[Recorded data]
--------------------
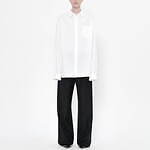 ドレスドアンドレスド、オーバーサイズのシャツ＆“抹消線”刺繍Tシャツ - 渋谷で期間限定ショップ開催｜写真4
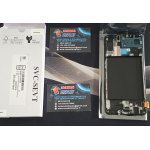 Display Lcd Touch Screen Schermo ORIGINALE Service Pack Per Samsung Galaxy A70 Sm-a705f Nero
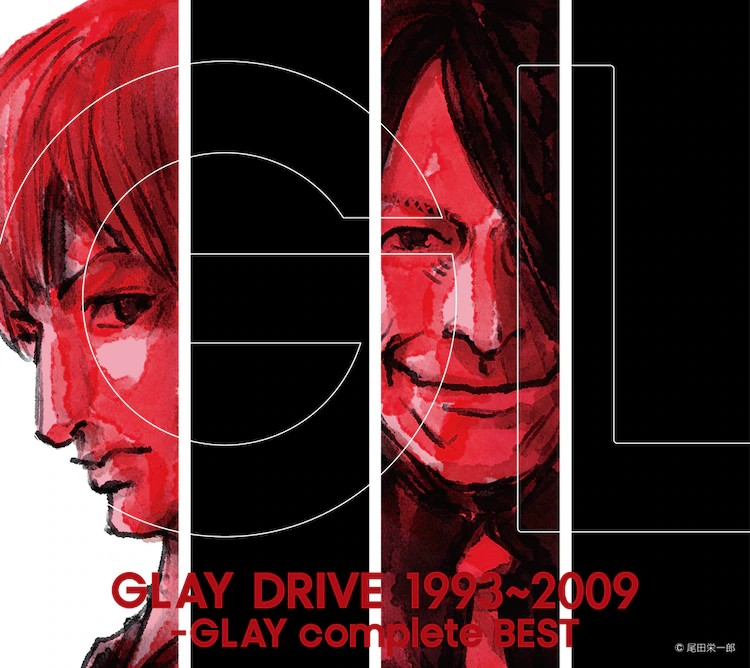 尾田栄一郎为GLAY绘制专辑封面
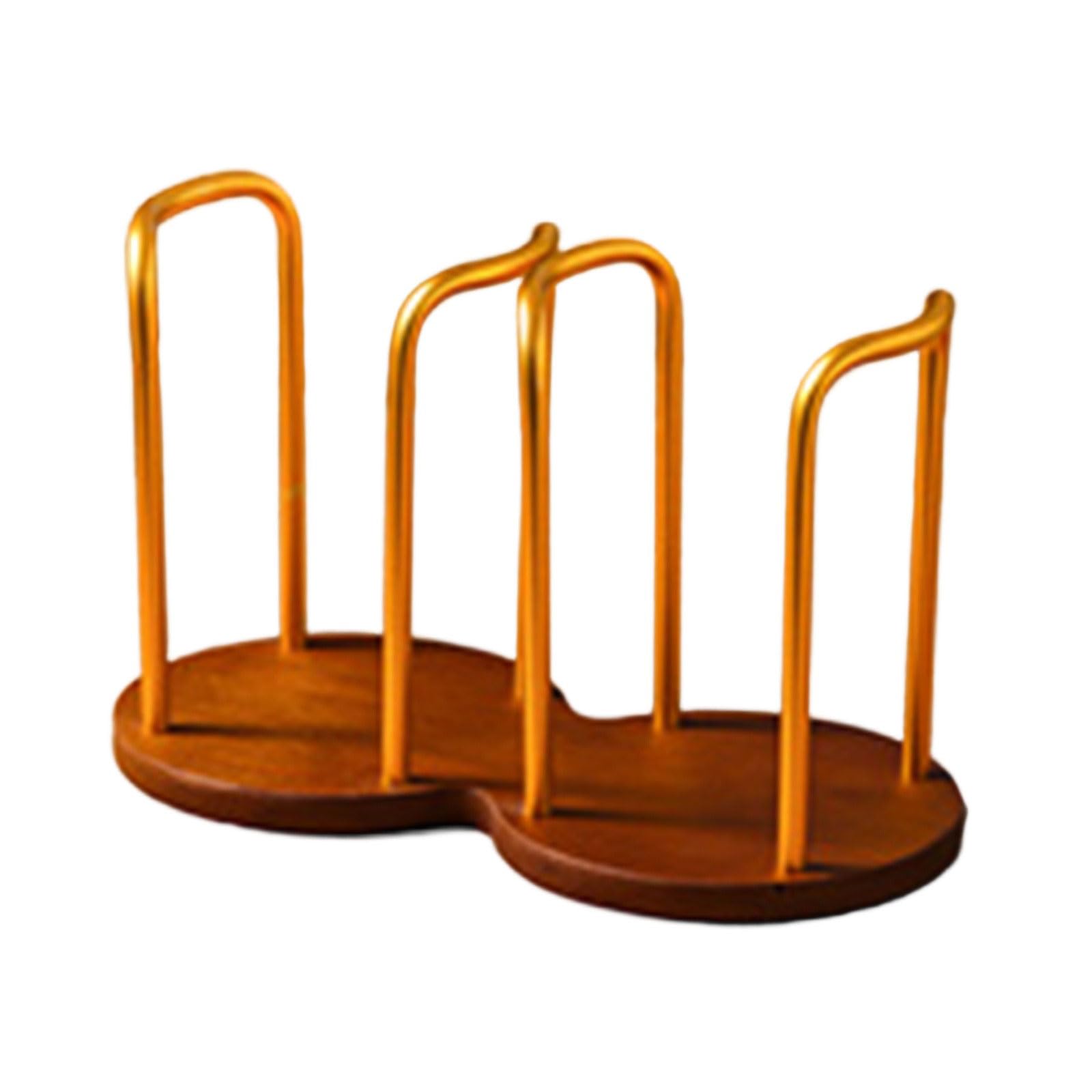 MICFENY Space Saving Cup Organizers Rack For Various Sizes Easy Installation And Use Sturdy Metal Construction Cup Stand Holder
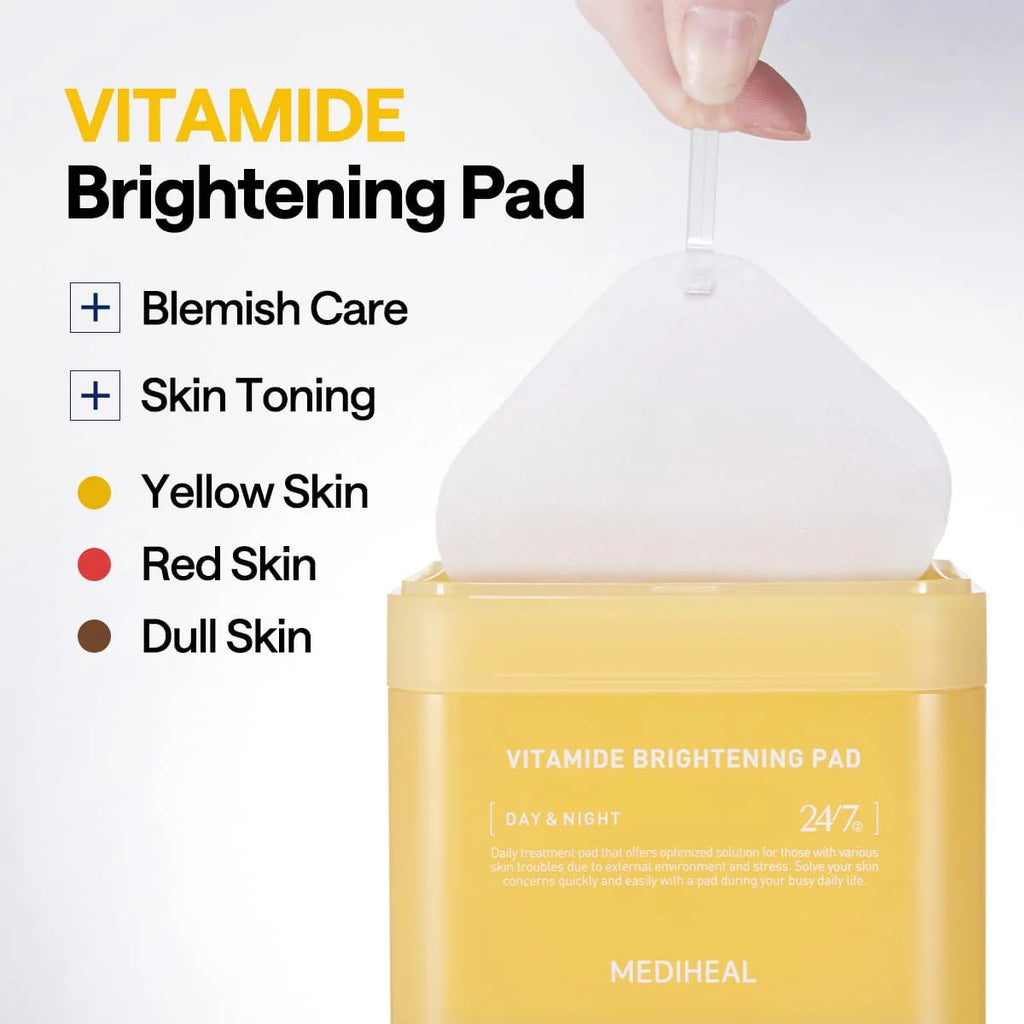 Mediheal Vitamide Brightening Pad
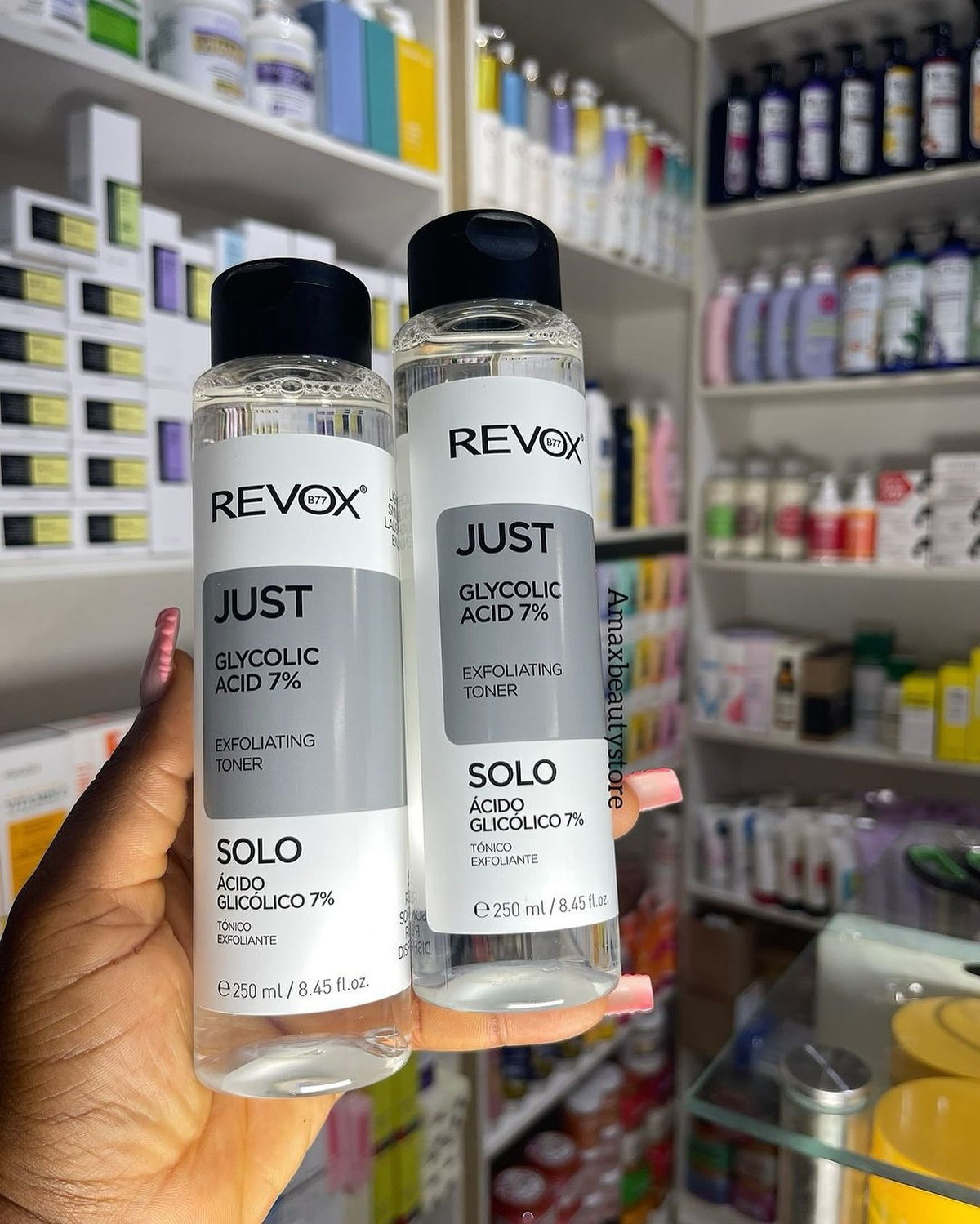 REVOX 7% glycolic toner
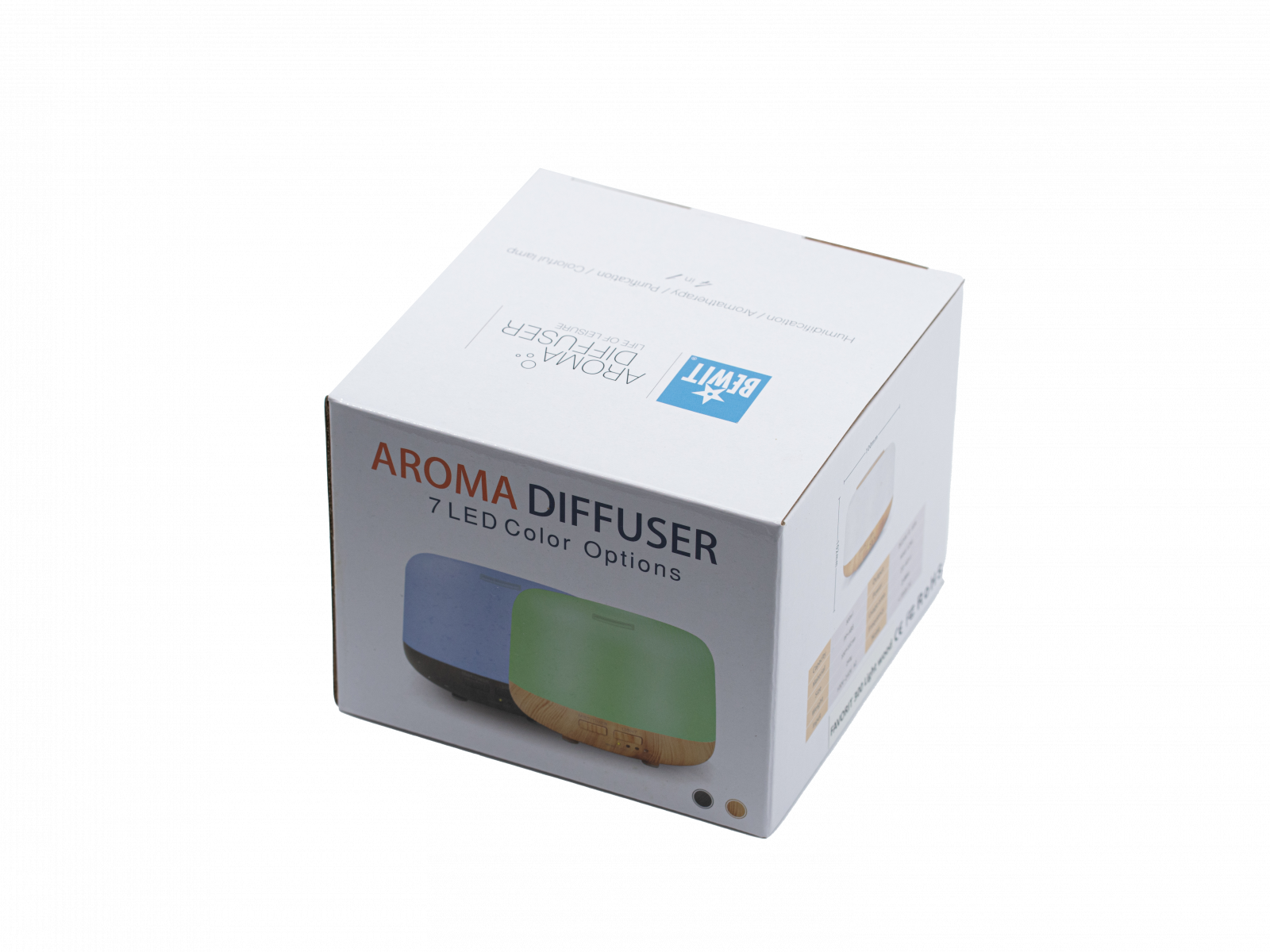 Aroma diffuser FAVORIT 300, light wood - Ultrasonic diffuser - 3
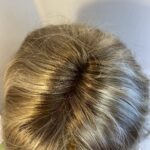 Stunning Estetica blonde wavy wig. Bbllc676
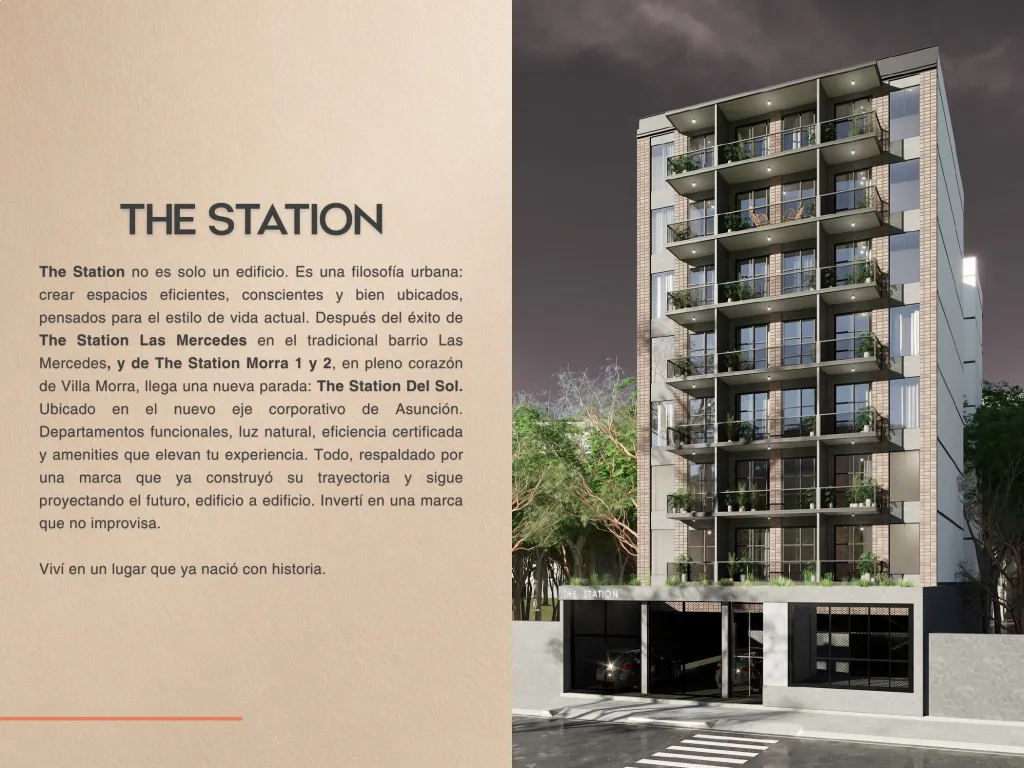 ✨THE STATION DEL SOL: DEPARTAMENTOS DE 2 DORMITORIOS - LANZAMIENTO EN POZO✨ — foto 3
--------------------
* [PROBLEM TO WORK ON]: Would you copy out every line of the data above exactly, minus the pictures?

* [EXERCISE OUTPUT]:
 ドレスドアンドレスド、オーバーサイズのシャツ＆“抹消線”刺繍Tシャツ - 渋谷で期間限定ショップ開催｜写真4
 Display Lcd Touch Screen Schermo ORIGINALE Service Pack Per Samsung Galaxy A70 Sm-a705f Nero
 尾田栄一郎为GLAY绘制专辑封面
 MICFENY Space Saving Cup Organizers Rack For Various Sizes Easy Installation And Use Sturdy Metal Construction Cup Stand Holder
 Mediheal Vitamide Brightening Pad
 REVOX 7% glycolic toner
 Aroma diffuser FAVORIT 300, light wood - Ultrasonic diffuser - 3
 Stunning Estetica blonde wavy wig. Bbllc676
 ✨THE STATION DEL SOL: DEPARTAMENTOS DE 2 DORMITORIOS - LANZAMIENTO EN POZO✨ — foto 3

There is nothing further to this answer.